Action item = The lines from the start of the records through the one containing "ベルカーサ守恒　 その他18" are to be restated word for word; please include both ends.

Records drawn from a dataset

= Beginning of Section =

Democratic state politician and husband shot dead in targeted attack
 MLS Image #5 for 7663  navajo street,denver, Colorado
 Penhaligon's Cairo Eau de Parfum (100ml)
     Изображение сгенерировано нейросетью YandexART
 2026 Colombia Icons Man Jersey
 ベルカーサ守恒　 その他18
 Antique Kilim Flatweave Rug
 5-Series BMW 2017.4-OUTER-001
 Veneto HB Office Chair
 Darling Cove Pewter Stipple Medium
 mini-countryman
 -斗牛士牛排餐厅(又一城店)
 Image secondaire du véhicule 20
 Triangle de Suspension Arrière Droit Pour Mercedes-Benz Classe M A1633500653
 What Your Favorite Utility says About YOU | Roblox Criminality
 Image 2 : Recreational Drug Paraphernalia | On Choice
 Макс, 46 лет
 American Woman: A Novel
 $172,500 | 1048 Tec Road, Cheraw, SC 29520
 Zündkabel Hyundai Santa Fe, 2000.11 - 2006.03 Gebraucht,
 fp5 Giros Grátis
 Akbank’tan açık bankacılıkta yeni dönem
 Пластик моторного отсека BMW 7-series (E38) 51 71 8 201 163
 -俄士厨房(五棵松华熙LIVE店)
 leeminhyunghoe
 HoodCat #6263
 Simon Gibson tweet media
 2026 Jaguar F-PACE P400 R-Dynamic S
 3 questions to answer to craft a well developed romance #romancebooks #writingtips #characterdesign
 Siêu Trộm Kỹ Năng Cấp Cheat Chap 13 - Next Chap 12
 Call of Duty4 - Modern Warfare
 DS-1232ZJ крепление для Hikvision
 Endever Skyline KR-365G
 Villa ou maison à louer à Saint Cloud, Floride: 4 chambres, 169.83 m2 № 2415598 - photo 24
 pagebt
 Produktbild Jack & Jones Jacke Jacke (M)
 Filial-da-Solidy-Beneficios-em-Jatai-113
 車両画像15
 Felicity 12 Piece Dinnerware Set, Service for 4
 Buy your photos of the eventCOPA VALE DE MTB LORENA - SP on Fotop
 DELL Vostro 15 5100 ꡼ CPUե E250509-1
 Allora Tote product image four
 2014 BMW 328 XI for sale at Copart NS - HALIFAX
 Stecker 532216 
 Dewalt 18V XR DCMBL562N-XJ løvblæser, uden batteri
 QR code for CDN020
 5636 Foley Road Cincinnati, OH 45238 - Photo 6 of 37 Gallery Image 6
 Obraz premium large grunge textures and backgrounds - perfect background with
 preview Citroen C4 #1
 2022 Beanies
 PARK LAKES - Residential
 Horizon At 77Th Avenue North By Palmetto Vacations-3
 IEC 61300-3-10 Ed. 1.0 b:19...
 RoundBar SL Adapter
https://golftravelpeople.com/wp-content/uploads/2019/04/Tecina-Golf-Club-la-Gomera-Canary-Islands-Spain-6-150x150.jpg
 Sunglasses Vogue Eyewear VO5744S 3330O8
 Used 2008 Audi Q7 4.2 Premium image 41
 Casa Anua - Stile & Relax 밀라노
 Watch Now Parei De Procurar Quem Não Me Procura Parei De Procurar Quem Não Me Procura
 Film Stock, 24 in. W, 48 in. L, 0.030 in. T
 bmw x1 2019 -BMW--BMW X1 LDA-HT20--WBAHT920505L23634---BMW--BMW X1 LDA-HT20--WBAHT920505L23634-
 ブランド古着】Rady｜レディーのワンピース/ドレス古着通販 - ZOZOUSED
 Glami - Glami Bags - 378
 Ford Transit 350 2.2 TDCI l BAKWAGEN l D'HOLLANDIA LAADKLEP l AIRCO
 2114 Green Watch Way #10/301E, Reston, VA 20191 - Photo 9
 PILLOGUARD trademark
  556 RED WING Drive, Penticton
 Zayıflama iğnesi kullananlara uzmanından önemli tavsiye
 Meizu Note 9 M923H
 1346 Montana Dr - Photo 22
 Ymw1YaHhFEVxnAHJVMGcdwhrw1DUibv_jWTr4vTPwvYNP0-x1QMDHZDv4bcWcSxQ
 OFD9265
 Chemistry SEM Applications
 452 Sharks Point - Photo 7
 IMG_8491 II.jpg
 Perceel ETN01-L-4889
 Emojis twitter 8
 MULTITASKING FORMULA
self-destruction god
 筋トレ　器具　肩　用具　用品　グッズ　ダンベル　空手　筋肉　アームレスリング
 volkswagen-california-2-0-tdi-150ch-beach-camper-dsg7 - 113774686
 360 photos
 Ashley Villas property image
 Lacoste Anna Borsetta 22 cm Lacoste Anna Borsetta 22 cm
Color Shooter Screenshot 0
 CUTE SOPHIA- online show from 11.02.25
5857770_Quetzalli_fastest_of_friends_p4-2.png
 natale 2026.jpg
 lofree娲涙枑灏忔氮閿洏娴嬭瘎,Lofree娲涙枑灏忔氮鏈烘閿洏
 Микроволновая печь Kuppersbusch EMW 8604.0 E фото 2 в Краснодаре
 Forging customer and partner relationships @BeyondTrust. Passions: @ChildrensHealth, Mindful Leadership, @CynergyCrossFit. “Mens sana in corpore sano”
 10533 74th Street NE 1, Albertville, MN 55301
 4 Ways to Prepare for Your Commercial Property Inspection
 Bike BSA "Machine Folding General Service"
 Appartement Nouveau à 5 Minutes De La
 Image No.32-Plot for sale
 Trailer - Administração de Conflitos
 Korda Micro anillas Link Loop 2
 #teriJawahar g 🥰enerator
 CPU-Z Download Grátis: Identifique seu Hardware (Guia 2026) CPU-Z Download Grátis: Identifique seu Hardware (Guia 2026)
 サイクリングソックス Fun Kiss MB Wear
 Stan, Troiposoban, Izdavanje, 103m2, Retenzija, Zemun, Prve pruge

= End of Section =

Exercise output =
Democratic state politician and husband shot dead in targeted attack
 MLS Image #5 for 7663  navajo street,denver, Colorado
 Penhaligon's Cairo Eau de Parfum (100ml)
     Изображение сгенерировано нейросетью YandexART
 2026 Colombia Icons Man Jersey
 ベルカーサ守恒　 その他18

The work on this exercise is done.